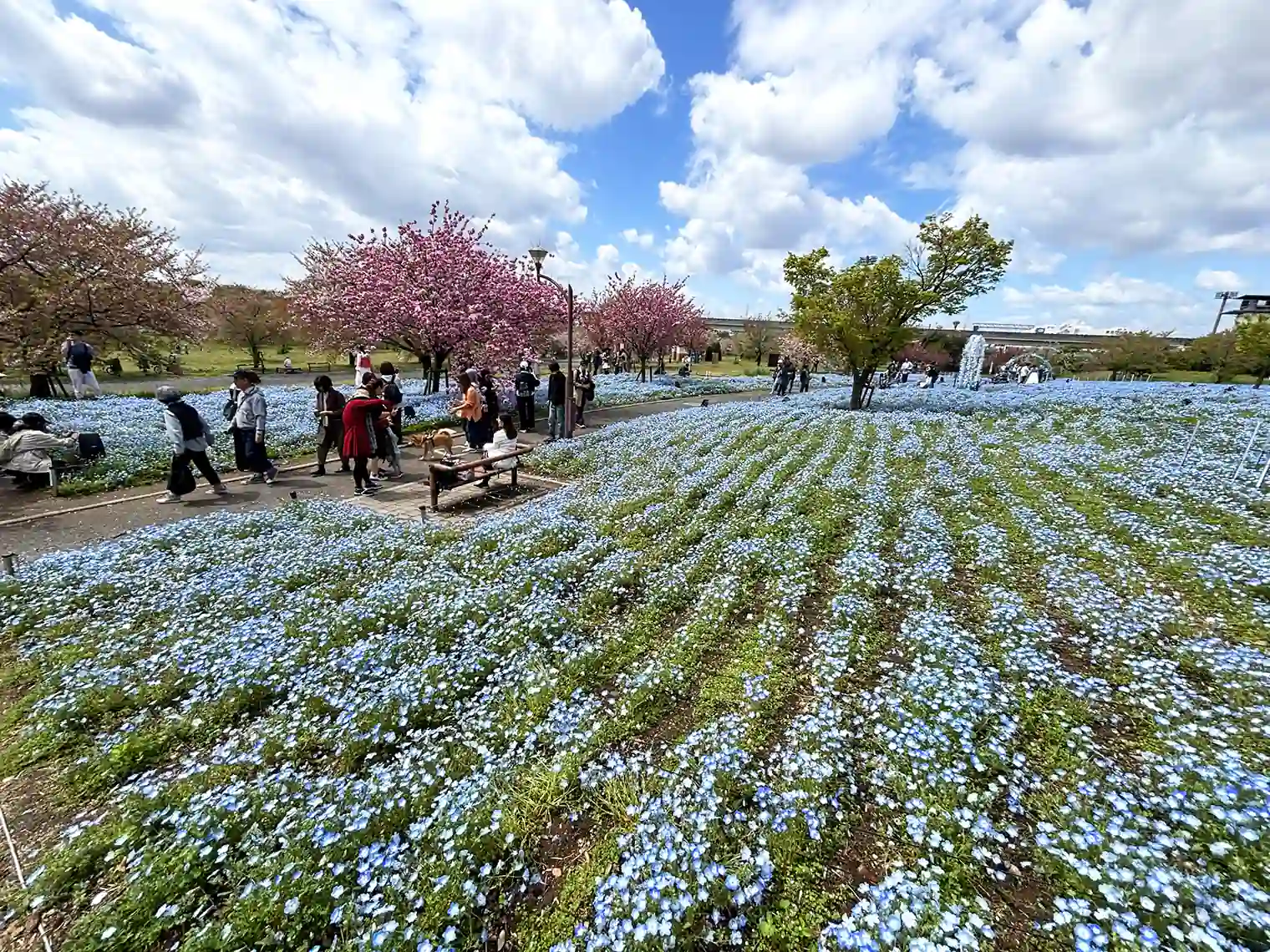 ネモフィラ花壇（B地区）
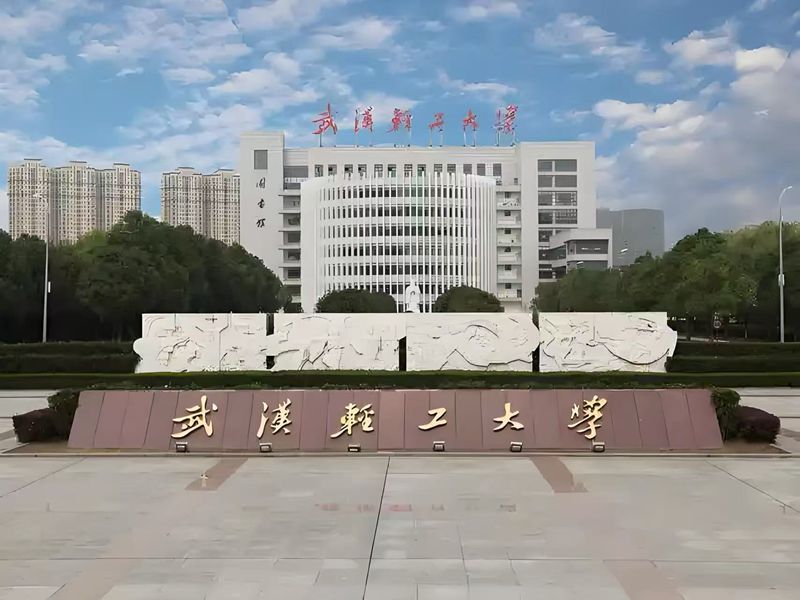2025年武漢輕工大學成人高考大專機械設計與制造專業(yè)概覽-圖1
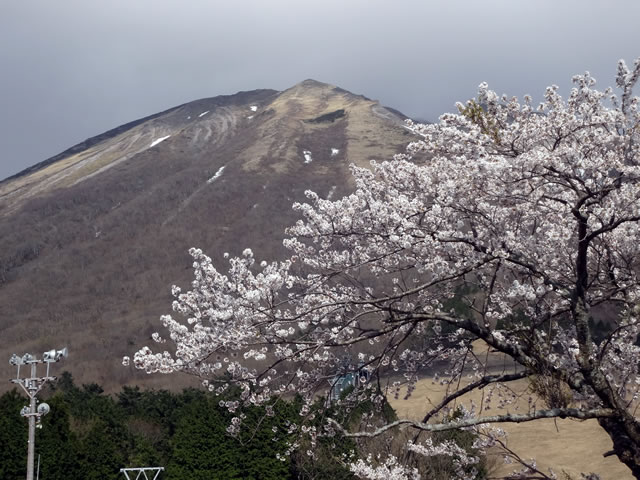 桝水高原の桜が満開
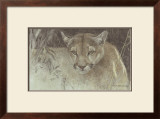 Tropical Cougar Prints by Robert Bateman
☆ ☆ ☆ ☆ ☆ ☆ ☆
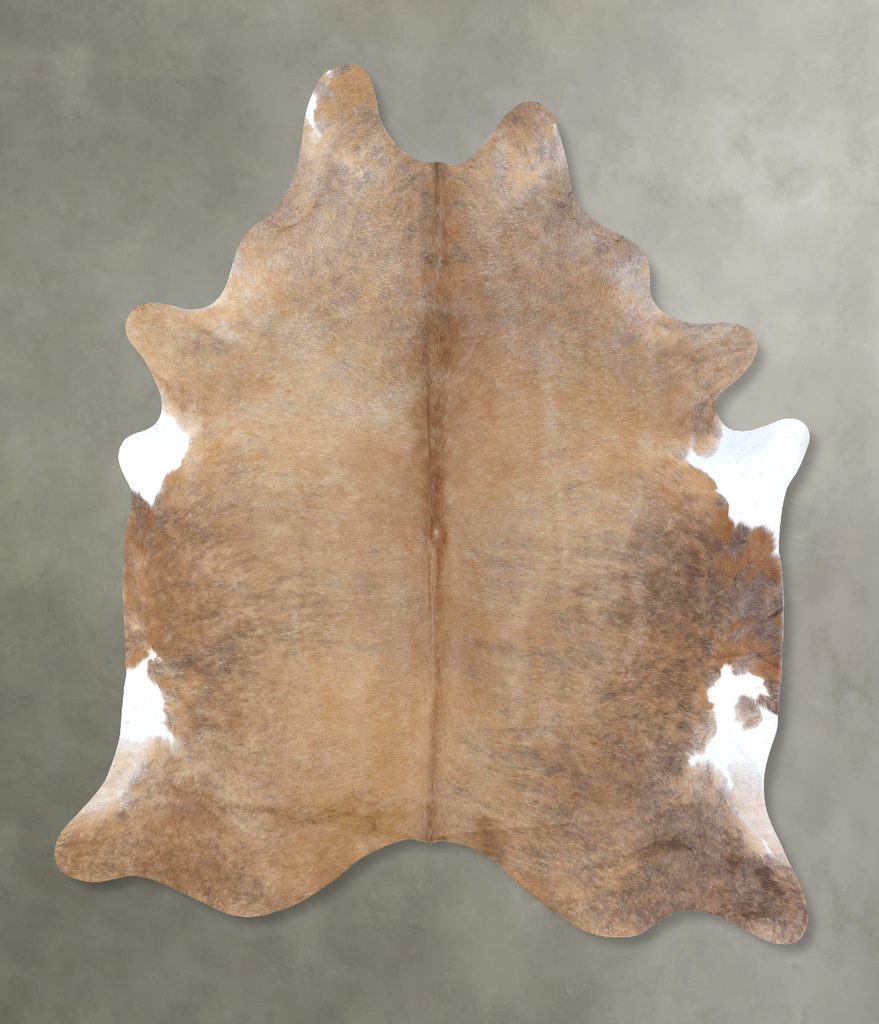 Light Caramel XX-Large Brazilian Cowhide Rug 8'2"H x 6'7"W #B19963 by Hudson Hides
☆ ☆ ☆ ☆ ☆ ☆ ☆
→ WHAT TO WORK ON: What is wanted is an exact copy of the lines above from the one containing "ネモフィラ花壇（B地区）" through the one containing "Tropical Cougar Prints by Robert Bateman", with no pictures in it.

→ FINISHED TASK:
 ネモフィラ花壇（B地区）
2025年武漢輕工大學成人高考大專機械設計與制造專業(yè)概覽-圖1
 桝水高原の桜が満開
 Tropical Cougar Prints by Robert Bateman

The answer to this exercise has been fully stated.